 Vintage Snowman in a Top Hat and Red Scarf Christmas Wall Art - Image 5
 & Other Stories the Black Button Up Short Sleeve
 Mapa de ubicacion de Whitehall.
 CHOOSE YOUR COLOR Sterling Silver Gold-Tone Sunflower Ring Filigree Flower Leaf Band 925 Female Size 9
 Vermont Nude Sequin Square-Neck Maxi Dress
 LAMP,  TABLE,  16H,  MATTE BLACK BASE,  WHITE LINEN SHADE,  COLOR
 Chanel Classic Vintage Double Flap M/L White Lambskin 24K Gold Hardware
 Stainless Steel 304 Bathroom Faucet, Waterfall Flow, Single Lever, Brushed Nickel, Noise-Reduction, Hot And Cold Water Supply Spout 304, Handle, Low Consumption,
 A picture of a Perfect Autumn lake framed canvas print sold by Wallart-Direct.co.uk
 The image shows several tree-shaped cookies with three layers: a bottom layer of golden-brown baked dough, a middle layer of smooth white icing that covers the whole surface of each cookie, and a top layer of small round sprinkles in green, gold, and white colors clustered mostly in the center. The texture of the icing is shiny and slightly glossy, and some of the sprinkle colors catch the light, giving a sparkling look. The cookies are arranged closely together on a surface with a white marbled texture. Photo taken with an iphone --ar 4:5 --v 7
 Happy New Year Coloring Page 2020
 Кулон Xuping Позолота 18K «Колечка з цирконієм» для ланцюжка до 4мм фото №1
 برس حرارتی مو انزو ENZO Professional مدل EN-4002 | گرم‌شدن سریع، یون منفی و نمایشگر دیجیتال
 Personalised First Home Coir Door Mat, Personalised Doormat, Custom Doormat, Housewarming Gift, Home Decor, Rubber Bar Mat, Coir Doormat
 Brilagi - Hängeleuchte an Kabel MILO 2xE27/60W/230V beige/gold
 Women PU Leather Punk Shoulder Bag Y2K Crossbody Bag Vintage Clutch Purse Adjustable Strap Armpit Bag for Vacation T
☆ ☆ ☆ ☆
- [Aim of the task]
Set down verbatim only the lines between the start of the data above and the line with "برس حرارتی مو", both boundaries included.

- [Answer to the exercise]
 Vintage Snowman in a Top Hat and Red Scarf Christmas Wall Art - Image 5
 & Other Stories the Black Button Up Short Sleeve
 Mapa de ubicacion de Whitehall.
 CHOOSE YOUR COLOR Sterling Silver Gold-Tone Sunflower Ring Filigree Flower Leaf Band 925 Female Size 9
 Vermont Nude Sequin Square-Neck Maxi Dress
 LAMP,  TABLE,  16H,  MATTE BLACK BASE,  WHITE LINEN SHADE,  COLOR
 Chanel Classic Vintage Double Flap M/L White Lambskin 24K Gold Hardware
 Stainless Steel 304 Bathroom Faucet, Waterfall Flow, Single Lever, Brushed Nickel, Noise-Reduction, Hot And Cold Water Supply Spout 304, Handle, Low Consumption,
 A picture of a Perfect Autumn lake framed canvas print sold by Wallart-Direct.co.uk
 The image shows several tree-shaped cookies with three layers: a bottom layer of golden-brown baked dough, a middle layer of smooth white icing that covers the whole surface of each cookie, and a top layer of small round sprinkles in green, gold, and white colors clustered mostly in the center. The texture of the icing is shiny and slightly glossy, and some of the sprinkle colors catch the light, giving a sparkling look. The cookies are arranged closely together on a surface with a white marbled texture. Photo taken with an iphone --ar 4:5 --v 7
 Happy New Year Coloring Page 2020
 Кулон Xuping Позолота 18K «Колечка з цирконієм» для ланцюжка до 4мм фото №1
 برس حرارتی مو انزو ENZO Professional مدل EN-4002 | گرم‌شدن سریع، یون منفی و نمایشگر دیجیتال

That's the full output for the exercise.